As a child, I believed every relationship had to be earned. I borrowed my friends' interests, followed conversations I did not care about and became the person afraid to stop and tie her shoelaces in case the group left without her.
What looked like kindness was often fear: fear of not being liked, of having no friends, of being left behind. I thought that if I were sincere, available and persistent enough, nobody would leave.
But a relationship cannot be sustained by one person's effort. Real closeness is not chased into existence; it grows when two people move naturally towards each other.
A close friend and I shared almost every day from primary school through high school. At university our lives moved to different cities. Replies became slower and shorter until, when I stopped initiating, the conversation simply stayed still.
Nobody had done anything wrong. People change, their rhythms change, and the worlds they inhabit change. Someone who once knew every detail of your day can become a quiet profile picture.

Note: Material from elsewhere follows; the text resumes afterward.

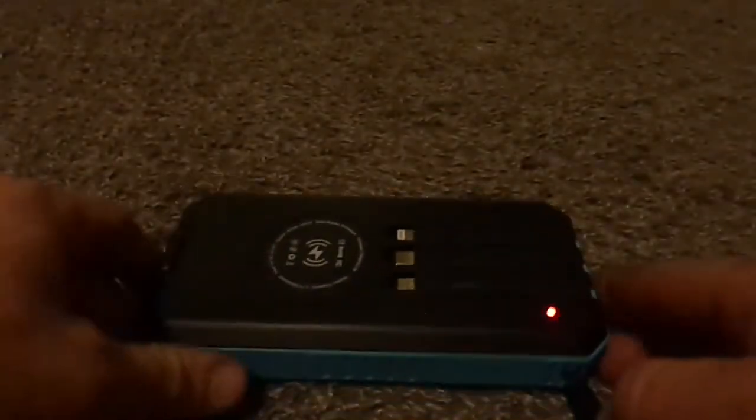To use the flashlight, you hold the button down, then push it one more time for SOS, one more time for strobe, and then one more time for off. When you push the button you get a little red light, and that activates your wireless charging. When the light turns green that means you're charging. It actually charges fairly quickly.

I now notice the subtle time difference between people. One enters marriage, another rebuilds life elsewhere, another is absorbed by work, while someone else remains turned towards the past.
Life moves. Nobody stays in the same place forever, and the person most exhausted in a relationship is often the one trying to preserve everything.
I am learning to accept that some people pause beside us and others remain for much longer. The gentlest relationships ask for neither performance nor proof.
When you stop trying so hard to reach everyone, your relationships become lighter. You begin to see yourself — and the people who love you are still there.
“When you stop trying so hard to reach everyone, you begin to see yourself — and the people who love you are still there.